Josh Larsen posted my response to his middling-to-negative review of Guardians of the Galaxy Vol. 2 in his Why I’m Wrong feature. I wanted to post it here as well, along with follow-up thoughts about how the movie reminded me of his great new book Movies Are Prayers.
My defense of GOTG2
What I won’t defend: the glorified carnage, yet another “blow up the glowing thing in order to save the universe” superhero movie ending, or the strange casting of Sylvester Stallone.
What I will defend: Chris Pratt’s ongoing ability to surprise with his acting; how they maintained a healthy mix of irreverent humor, action, and obligatory MCU service; and how these maladjusted Guardian misfits learn to love each other and themselves in a surprisingly uncheesy way.
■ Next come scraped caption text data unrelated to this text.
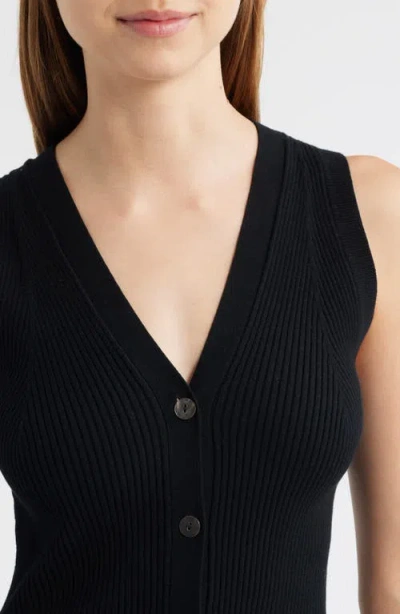 Rails Tatia Rib Button-up Vest In Black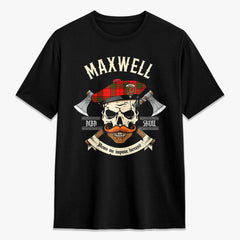 Maxwell Modern Tartan Crest 2D T-shirt - Alba Skull Style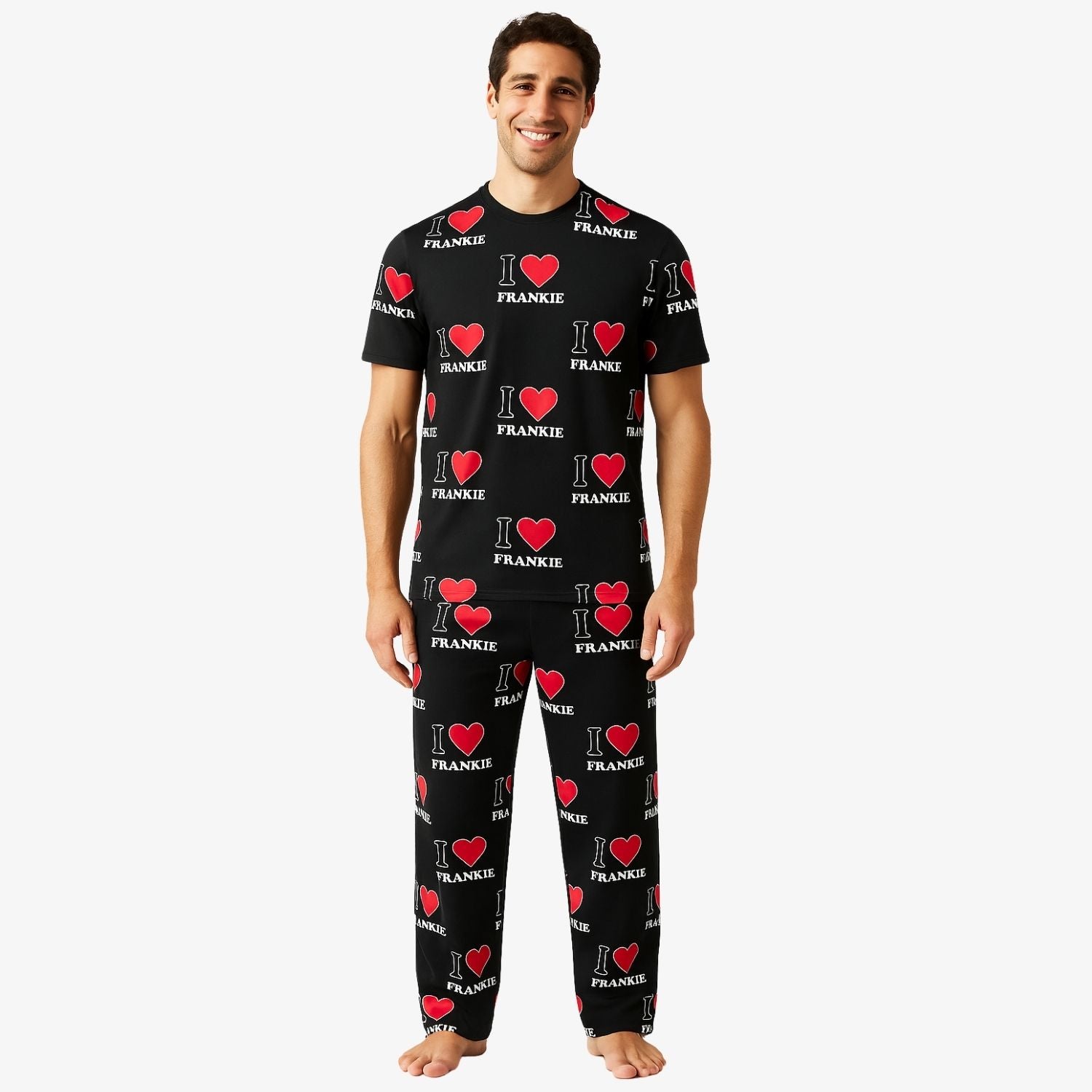 Men's I Heart Name Personalised PJs - Trousers Set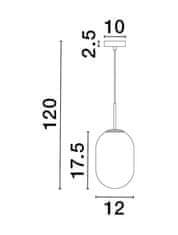 Nova Luce NOVA LUCE závesné svietidlo CHRYSI mosadzný zlatý kov a biele sklo s prechodmi G9 1x5W 230V IP20 bez žiarovky 9092821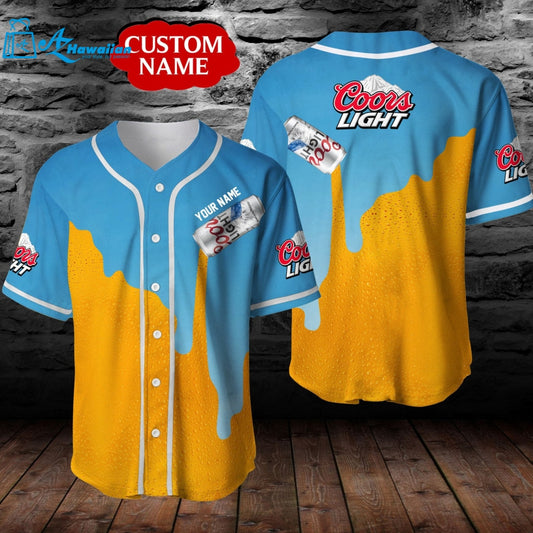 Personalized Coors Light Beer All Over Print 3D Unisex Baseball Jersey Shirt & Orange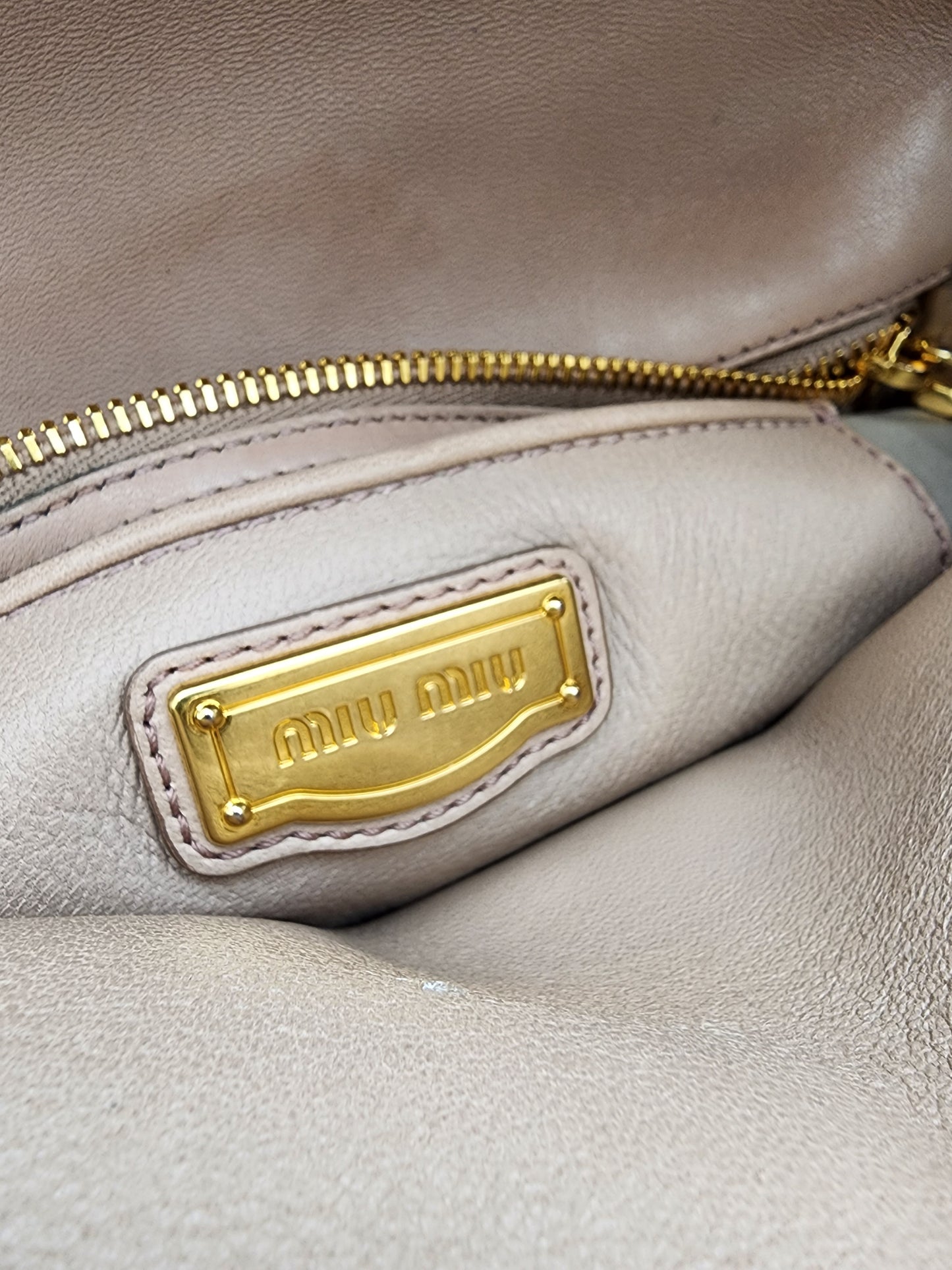 Miu Miu Nappa Matelassé Top Handle Bag Cammeo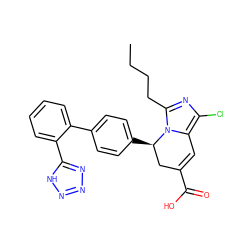 CCCCc1nc(Cl)c2n1[C@H](c1ccc(-c3ccccc3-c3nnn[nH]3)cc1)CC(C(=O)O)=C2 ZINC000066073955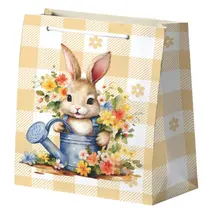 SACOLA PAPEL PRESENTE M 22CMX22CMX8,5CM PASCOA COELHO XADREZ JARDIM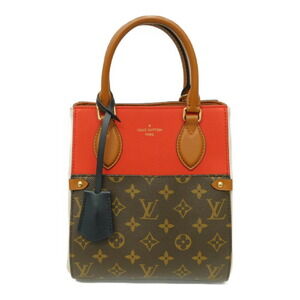 Louis Vuitton Fold Tote Handbag Shoulder Bag Monogram Red Beige Tan Brown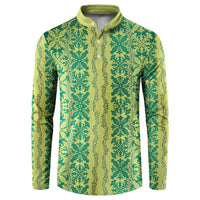Hawaii Lei with Tribal Quilt Motif Button Sweatshirt LT9 Green - Polynesian Pride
The subplots of Nebula, Yondu, and Mantis hardly drag the focus away from the Guardians. On the contrary, they enhance each of them by calling attention to the compelling parts (or defects) in the Guardians’ personalities, and propelling them toward the reconciliation and peace (however temporary) they crave. The Yondu and Nebula storylines were especially affecting, both on their own and how they affected Quill and Gamora respectively.
How can the antagonism between Quill and Rocket be “forced” given their very believable insecurities and irrepressible need to be the wittiest, most tough-guy fighter of the group? And did you fall asleep during the scenes between Rocket and Baby Groot? They contained the same delightful rapport from the first film, altered for the new, infantilized version of Groot. You must have missed those and the other “grace notes” that peppered the entire film, including the best Zune joke of all time.
No doubt the plot goes a little haywire once Kurt Russell enters the picture. (What was up with his castle and all those porcelain dioramas? Demigod hobby I guess.) It pretty quickly didn’t smell right, so I spent most of the second act waiting for The Turn. But since I’ve lowered my expectations considerably for Marvel villains, my larger concern was enjoying the laughs and unexpected poignant moments along the way.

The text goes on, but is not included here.